On Thursday, October 10, 2023, a tense situation unfolded at a homeless camp near downtown Anchorage, Alaska. The city towed away several vehicles that people had been living in for months, including two buses, two box vans, a boat, and a fire engine. Some of the campers tried to resist the towing and were handcuffed and detained by the police. One woman, Madison Greenewald, said she lost all her belongings when her box truck was towed without giving her a chance to retrieve them. She was arrested and charged with criminal mischief for trying to push the truck through a hole in the fence.
The campers said they were frustrated and angry that their dwellings were being taken away and that they had nowhere else to go. They said the city had not provided them with adequate shelter options or services to help them get out of homelessness. They also said they felt harassed and criminalized by the city’s actions.
The towing operation was part of the city’s efforts to clear out the homeless camp at Third Avenue and Ingra Street, which had grown to be one of the largest and most visible in Anchorage. The city had posted notices on the vehicles informing the owners that they had to move them or face impoundment. The city said the vehicles were violating municipal codes and creating public health and safety hazards.
Mayor Bronson blames Assembly for homelessness crisis
As the towing was happening, Mayor Dave Bronson arrived at the scene and blamed the Anchorage Assembly for the homelessness crisis in the city. He said the Assembly had twice rejected his proposals to build a large shelter in East Anchorage that could house up to 500 people. He said if the shelter had been approved, the towing would not have been necessary and the campers would have had a place to stay.
Bronson said his administration was working on alternative solutions to address homelessness, such as converting hotels into transitional housing and expanding existing shelters. He said he hoped to have more shelter beds available by November 1, when the city’s emergency cold weather shelter program would start. He also said he was open to working with the Assembly and other stakeholders to find common ground on the issue.
The Assembly members, however, have criticized Bronson’s approach to homelessness as being too costly, unrealistic, and ineffective. They have questioned his estimates of construction and operating costs for the proposed shelter, as well as his plans for providing services and security at the facility. They have also expressed concerns about the location of the shelter, which is near a residential neighborhood and a school. They have argued that the city needs a more comprehensive and collaborative strategy to address homelessness, not just a single large shelter.

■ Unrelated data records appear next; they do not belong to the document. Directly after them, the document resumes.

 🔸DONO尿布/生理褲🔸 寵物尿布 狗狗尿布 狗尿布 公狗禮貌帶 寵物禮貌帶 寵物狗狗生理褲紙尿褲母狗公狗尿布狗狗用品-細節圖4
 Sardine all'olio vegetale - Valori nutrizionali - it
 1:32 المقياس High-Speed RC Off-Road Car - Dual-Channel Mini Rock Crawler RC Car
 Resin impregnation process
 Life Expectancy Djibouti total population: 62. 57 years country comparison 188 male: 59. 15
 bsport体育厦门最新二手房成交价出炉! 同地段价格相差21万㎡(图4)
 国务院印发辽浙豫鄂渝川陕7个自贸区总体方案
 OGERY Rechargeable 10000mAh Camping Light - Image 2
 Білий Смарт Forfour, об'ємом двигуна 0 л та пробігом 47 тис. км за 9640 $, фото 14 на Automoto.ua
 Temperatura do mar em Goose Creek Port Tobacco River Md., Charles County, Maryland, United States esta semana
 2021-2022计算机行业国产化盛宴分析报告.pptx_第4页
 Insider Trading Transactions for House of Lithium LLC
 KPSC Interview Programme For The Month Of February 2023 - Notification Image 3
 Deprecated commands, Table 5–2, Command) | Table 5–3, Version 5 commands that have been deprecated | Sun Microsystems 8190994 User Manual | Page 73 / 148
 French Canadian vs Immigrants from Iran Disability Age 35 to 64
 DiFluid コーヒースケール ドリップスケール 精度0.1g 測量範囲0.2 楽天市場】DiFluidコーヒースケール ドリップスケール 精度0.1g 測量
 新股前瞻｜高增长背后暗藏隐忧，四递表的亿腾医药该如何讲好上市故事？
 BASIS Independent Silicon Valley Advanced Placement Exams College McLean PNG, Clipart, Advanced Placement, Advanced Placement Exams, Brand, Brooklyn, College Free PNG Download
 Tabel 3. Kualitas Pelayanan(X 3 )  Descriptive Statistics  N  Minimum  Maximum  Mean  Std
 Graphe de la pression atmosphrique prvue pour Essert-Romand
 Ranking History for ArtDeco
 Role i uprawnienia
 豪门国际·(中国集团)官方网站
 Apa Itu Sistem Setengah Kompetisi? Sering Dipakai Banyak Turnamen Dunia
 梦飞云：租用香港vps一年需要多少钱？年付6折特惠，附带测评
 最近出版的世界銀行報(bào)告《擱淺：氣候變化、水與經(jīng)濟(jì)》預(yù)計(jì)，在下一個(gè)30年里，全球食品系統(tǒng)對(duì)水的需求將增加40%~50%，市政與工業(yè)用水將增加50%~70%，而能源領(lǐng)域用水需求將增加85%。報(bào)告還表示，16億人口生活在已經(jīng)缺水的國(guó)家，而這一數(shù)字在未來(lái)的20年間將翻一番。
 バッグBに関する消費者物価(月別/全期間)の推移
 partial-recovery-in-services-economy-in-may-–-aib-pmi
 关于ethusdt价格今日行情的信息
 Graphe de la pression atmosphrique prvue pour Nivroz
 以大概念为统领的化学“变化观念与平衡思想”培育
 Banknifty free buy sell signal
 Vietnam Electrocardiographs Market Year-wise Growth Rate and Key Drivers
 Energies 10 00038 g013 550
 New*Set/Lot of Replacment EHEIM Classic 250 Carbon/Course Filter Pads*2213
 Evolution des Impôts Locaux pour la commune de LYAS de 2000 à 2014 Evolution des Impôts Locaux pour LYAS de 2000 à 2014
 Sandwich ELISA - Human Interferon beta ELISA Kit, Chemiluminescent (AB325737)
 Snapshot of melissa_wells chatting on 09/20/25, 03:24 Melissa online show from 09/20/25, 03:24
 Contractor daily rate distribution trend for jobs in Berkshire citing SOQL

Advocates call for more compassion and support for homeless people
The towing incident also drew attention from advocates and observers who called for more compassion and support for homeless people in Anchorage. Eric Glatt, an emeritus attorney with the ACLU of Alaska, was at the scene filming with his phone. He said he was concerned about the civil rights and due process of the campers whose vehicles were towed. He said he wanted to document what was happening and hold the city accountable for its actions.
Glatt said he believed that towing vehicles used as homes was cruel and counterproductive. He said it did not solve the problem of homelessness, but only displaced people and made their lives harder. He said he hoped that the city would adopt more humane and effective policies to help homeless people, such as providing them with housing vouchers, rental assistance, case management, mental health care, and substance abuse treatment.
A private security guard who had been working at the site since last week also showed some sympathy for the campers. He had a pizza delivered and handed out slices to anyone who asked for one. He said he understood that some of the campers had fallen on hard times and needed help. He said he wished there were more resources available for them.